Alfonzo barges in protesting such praise – and brings
with him Evil Fake Pope. The Pope wants to discuss Lorenzo’s surrender
I have no idea what Lucrezia is planning or what this was
supposed to achieve. I hope some sense will come out of this hot mess. If her plan is "start a war between Christendom and the Ottoman Empire" then I call shenanigans on her sense of priorities
But praise to Ippolita! Is that the first time on this
show that a woman has shown a proven level of intelligence and cunning and
being fully up to the twists and turns of Italian politics? Shame she does it
for an unrequited love interest – but COMPETENCE!
And we saw her naked. Of course we did. Has there actually been one single woman on this show we haven’t seen naked and having sex? I actually half-joked in my recap of episode 6 that we would definitely be seeing Ippolita naked and having sex – behold, I was right. Not only is it more Gratuitous Heterosexuality, but even it continues to glaring nudity disparity between these characters – despite the humping, very few of the men have shown as much skin as the women – and more, the women’s storylines are very focused on the men.
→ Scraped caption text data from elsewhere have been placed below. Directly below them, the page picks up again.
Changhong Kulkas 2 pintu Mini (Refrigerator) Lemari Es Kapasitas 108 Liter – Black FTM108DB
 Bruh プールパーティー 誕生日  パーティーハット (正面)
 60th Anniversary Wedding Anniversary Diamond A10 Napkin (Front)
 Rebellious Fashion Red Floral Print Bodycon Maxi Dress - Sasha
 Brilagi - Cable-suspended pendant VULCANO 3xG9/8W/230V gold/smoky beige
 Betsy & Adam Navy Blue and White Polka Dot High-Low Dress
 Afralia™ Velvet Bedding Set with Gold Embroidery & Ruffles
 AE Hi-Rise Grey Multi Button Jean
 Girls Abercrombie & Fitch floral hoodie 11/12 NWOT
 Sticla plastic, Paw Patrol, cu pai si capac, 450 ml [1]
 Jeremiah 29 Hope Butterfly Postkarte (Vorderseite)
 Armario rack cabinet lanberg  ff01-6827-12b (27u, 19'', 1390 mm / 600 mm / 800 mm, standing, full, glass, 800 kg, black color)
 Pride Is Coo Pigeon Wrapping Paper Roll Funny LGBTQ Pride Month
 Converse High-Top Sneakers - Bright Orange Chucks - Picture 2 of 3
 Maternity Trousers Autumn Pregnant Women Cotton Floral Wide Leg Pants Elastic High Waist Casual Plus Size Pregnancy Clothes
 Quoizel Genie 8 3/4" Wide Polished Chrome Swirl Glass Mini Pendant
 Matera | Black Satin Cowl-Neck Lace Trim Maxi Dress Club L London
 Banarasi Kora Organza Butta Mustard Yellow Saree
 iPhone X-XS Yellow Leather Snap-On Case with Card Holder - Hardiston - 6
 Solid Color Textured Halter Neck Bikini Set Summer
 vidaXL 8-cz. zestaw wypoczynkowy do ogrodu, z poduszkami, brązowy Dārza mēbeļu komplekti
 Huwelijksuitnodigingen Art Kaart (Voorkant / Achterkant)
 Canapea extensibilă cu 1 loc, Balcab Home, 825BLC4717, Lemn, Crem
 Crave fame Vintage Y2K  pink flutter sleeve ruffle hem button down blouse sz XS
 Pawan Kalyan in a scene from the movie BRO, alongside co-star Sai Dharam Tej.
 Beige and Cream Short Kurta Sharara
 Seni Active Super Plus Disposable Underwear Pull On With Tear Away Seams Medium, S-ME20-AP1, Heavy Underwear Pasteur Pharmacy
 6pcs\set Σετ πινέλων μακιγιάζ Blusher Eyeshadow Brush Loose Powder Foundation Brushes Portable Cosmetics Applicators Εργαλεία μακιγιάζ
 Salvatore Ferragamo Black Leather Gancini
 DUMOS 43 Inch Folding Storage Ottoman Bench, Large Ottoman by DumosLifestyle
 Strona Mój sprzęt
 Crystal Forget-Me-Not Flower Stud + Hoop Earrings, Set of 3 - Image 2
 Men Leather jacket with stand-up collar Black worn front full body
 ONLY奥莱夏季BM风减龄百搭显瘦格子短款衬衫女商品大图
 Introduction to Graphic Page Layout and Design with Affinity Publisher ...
We need to look at POC and woo-woo here; the Incans have
nothing but woo-woo, traps and endless sacrifices. That’s what they do –
sacrifice. The brief pretention of respecting their incredible architectural
achievements is quickly lost among the endless chain of woo-woo and sacrifice.
We already had The Abyssinian being a source of endless woo-woo. Al Rahim is
ready to appear anywhere to throw out some woo-woo. And now the Ottoman Empire –
at the time very much technologically advanced beyond most if not all of
Western Europe – is now pulling out some more woo-woo.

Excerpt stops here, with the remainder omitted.